▸ DIRECTIONS FOR THIS TASK:
Using the entries below, copy exactly each line from the line with "Braces - Suspenders 6 Clip image 1" up to and including the line with "الشراي يراسلني خاص ... .", with every picture left out.

▸ ENTRIES SUPPLIED:
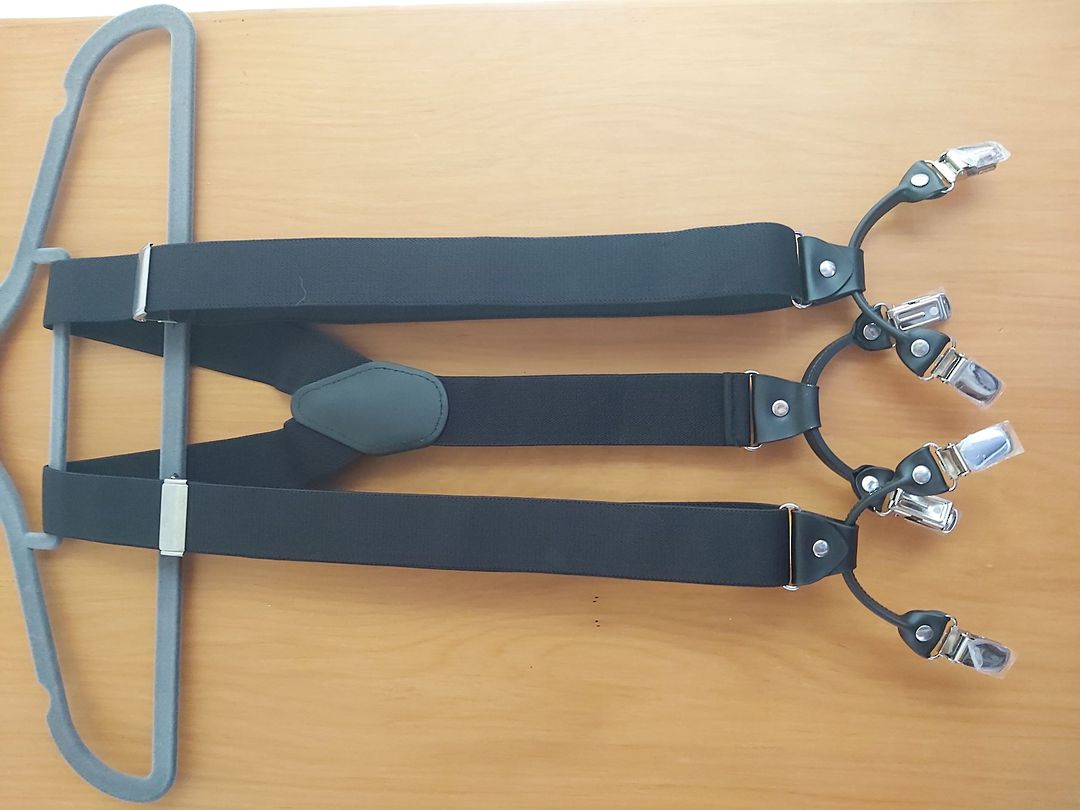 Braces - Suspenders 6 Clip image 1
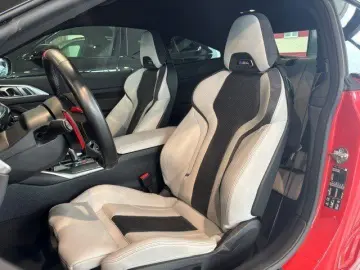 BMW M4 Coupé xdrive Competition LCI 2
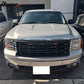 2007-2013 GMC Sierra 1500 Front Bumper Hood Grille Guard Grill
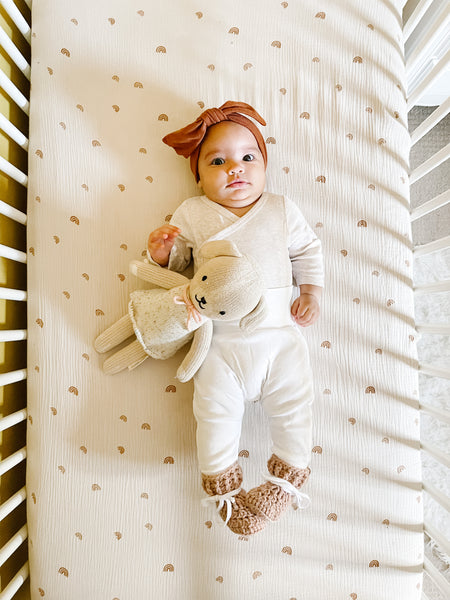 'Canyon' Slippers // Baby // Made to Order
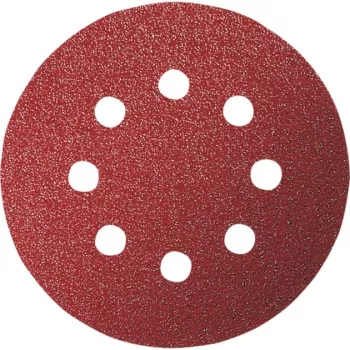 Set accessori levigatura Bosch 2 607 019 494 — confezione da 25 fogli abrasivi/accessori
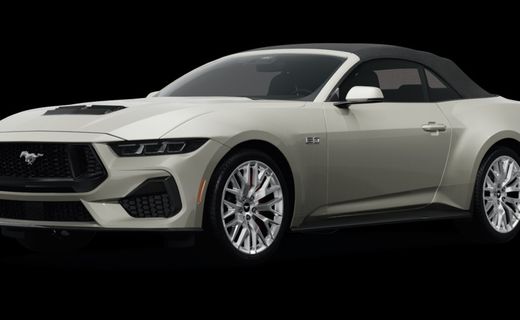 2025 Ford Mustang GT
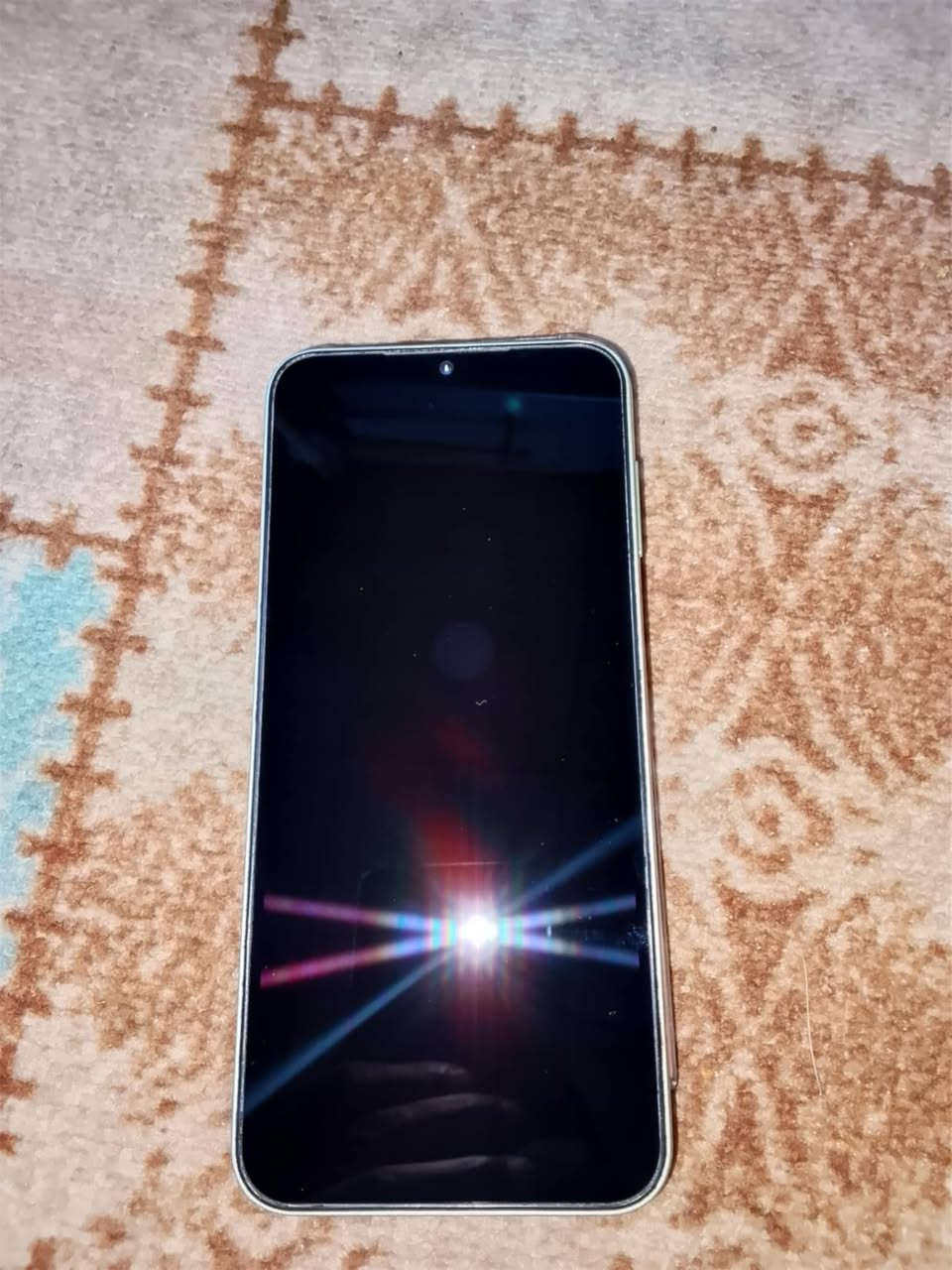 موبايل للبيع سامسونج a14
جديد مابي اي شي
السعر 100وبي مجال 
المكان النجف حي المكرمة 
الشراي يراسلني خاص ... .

==

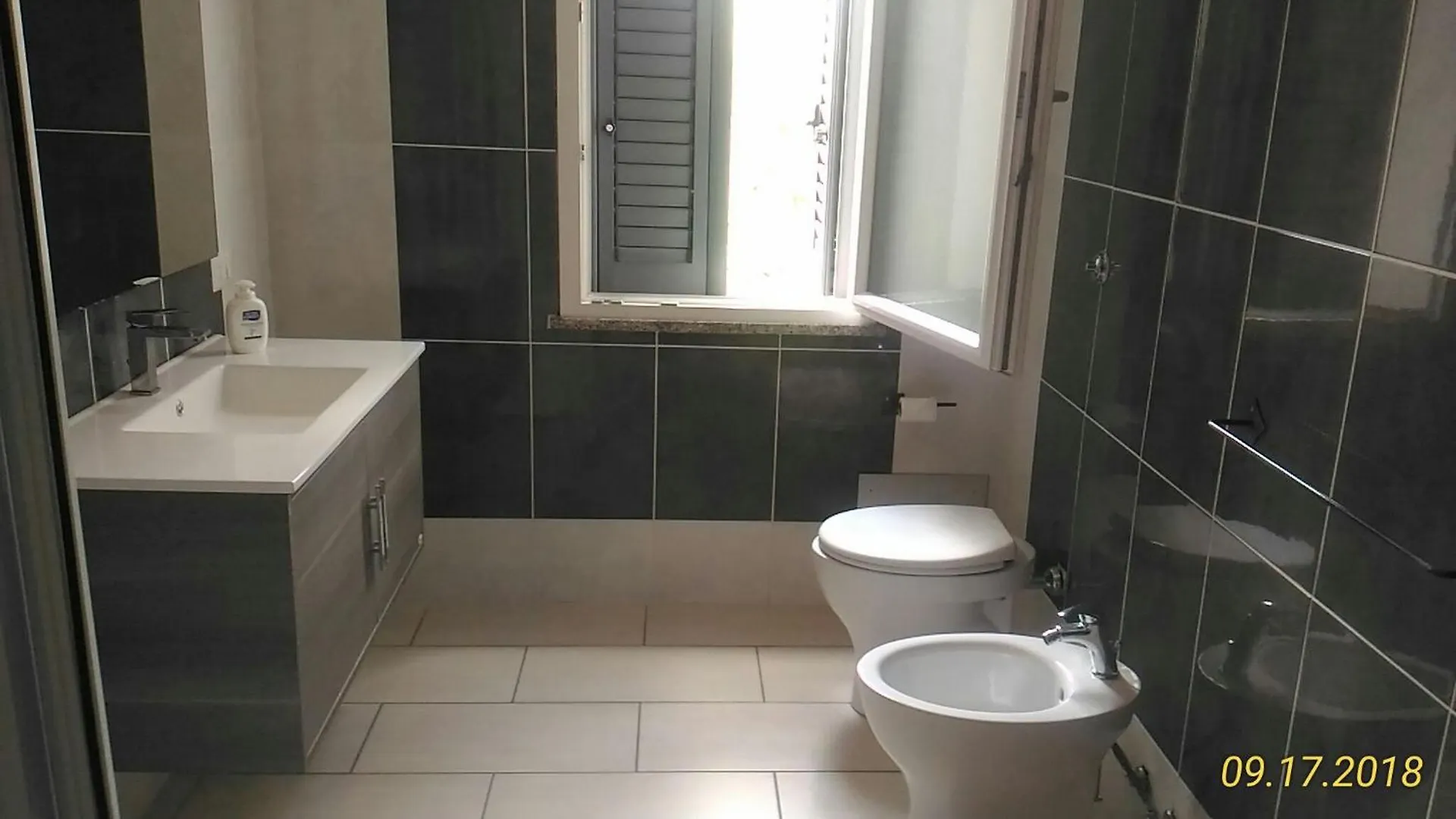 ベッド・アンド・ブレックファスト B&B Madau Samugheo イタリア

* * *

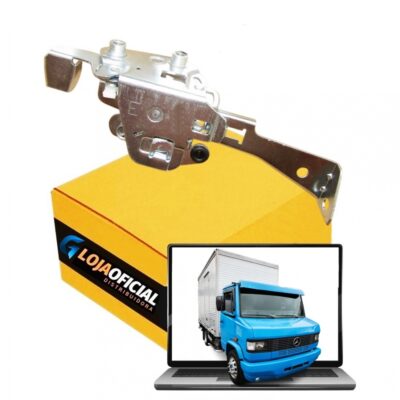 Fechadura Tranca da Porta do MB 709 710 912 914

▸ RESULT OF THE EXERCISE:
 Braces - Suspenders 6 Clip image 1
 BMW M4 Coupé xdrive Competition LCI 2
 2007-2013 GMC Sierra 1500 Front Bumper Hood Grille Guard Grill
 'Canyon' Slippers // Baby // Made to Order
 Set accessori levigatura Bosch 2 607 019 494 — confezione da 25 fogli abrasivi/accessori
 2025 Ford Mustang GT
 موبايل للبيع سامسونج a14
جديد مابي اي شي
السعر 100وبي مجال 
المكان النجف حي المكرمة 
الشراي يراسلني خاص ... .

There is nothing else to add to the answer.